Problem statement -
Search the records for the word "Nadal" and copy every line in which it occurs.

Exercise inputs -
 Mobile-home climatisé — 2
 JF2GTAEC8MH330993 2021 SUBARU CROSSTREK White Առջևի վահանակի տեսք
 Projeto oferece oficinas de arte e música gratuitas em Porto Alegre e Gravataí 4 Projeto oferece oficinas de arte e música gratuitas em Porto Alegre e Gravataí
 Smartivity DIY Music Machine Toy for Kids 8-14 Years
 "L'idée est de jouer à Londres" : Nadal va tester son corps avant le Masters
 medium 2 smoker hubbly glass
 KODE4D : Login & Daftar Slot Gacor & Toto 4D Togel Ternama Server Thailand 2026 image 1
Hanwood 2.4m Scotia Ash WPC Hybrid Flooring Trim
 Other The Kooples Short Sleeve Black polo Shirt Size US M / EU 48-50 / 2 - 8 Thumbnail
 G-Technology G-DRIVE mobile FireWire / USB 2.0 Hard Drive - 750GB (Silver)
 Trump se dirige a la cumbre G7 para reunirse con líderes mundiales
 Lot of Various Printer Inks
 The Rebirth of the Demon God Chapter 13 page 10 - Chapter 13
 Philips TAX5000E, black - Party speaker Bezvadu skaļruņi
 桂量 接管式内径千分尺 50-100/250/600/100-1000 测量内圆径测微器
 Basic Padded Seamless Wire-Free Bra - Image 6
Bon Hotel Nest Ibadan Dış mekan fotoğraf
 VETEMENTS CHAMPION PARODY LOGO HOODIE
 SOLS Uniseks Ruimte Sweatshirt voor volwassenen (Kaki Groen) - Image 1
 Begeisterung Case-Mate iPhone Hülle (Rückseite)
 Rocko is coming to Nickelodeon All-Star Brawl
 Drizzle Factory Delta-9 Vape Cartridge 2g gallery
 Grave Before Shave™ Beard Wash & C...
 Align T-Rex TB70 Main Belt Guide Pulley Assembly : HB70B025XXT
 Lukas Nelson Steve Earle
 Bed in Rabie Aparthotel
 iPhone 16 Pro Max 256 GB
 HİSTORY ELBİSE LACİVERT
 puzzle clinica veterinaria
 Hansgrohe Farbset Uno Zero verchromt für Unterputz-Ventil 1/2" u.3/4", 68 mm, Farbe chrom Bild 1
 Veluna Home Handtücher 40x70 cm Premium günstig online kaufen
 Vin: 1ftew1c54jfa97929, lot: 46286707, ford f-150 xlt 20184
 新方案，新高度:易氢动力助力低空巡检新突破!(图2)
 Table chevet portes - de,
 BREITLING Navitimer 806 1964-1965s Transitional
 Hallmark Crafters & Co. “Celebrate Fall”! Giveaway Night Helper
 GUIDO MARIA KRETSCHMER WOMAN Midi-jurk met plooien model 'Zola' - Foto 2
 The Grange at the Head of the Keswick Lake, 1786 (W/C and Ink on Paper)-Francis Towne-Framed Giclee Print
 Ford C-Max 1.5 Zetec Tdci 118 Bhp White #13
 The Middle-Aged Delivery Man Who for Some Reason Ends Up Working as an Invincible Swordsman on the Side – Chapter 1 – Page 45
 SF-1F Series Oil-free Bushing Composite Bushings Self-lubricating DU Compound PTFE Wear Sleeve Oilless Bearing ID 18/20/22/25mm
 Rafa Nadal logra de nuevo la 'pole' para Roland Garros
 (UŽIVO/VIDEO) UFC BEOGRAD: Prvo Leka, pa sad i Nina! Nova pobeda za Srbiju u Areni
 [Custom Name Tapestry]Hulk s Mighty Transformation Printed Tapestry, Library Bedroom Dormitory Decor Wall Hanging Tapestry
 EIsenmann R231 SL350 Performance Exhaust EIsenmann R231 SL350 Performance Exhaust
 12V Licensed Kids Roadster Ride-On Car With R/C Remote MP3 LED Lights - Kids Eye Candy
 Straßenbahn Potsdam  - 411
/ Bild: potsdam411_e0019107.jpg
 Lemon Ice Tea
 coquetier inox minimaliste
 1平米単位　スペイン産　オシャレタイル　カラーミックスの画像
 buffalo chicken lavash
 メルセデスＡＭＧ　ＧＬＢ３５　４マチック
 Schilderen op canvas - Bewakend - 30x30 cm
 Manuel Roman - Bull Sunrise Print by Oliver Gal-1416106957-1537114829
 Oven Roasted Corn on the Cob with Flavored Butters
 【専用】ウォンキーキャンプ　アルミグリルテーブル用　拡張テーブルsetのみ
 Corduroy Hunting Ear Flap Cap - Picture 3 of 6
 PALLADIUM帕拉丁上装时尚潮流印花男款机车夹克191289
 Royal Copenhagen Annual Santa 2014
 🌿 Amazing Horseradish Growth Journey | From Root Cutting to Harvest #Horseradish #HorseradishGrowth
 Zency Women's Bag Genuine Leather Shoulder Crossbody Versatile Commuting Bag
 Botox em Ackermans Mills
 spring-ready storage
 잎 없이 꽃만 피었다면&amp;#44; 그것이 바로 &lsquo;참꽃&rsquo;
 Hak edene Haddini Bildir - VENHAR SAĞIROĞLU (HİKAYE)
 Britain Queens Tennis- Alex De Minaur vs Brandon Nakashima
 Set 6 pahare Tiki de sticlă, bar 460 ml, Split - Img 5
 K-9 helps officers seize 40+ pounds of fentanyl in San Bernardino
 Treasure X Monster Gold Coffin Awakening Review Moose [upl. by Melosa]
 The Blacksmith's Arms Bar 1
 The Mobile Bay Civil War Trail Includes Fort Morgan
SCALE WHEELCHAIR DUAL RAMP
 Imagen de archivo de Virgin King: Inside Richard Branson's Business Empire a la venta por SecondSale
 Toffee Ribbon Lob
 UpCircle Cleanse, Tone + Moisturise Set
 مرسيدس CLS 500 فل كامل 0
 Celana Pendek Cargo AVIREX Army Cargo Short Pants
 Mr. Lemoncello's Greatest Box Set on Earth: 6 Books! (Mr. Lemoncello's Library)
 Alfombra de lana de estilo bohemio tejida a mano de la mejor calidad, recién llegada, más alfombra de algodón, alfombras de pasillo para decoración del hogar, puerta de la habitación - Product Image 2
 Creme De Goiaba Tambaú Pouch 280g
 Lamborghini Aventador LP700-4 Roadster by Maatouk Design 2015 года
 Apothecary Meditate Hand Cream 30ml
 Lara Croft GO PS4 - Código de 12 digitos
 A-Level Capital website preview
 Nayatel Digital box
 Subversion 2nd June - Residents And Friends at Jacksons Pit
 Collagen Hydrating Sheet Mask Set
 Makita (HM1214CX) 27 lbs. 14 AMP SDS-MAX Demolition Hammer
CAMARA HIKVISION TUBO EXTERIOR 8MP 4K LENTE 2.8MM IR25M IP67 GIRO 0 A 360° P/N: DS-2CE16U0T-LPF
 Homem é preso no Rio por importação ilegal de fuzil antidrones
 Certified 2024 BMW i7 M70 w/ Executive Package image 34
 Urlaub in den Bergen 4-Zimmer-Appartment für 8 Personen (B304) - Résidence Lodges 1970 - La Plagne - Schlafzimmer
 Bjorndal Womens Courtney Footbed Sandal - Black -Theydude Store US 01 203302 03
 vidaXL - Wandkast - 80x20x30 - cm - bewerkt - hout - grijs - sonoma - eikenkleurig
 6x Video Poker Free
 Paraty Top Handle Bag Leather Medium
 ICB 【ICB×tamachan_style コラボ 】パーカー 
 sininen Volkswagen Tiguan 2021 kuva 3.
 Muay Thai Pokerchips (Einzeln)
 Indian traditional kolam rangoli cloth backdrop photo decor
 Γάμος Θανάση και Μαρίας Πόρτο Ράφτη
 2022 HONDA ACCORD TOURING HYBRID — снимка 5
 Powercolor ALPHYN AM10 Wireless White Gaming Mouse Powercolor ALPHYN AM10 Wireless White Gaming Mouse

Response to this task -
 "L'idée est de jouer à Londres" : Nadal va tester son corps avant le Masters
 Rafa Nadal logra de nuevo la 'pole' para Roland Garros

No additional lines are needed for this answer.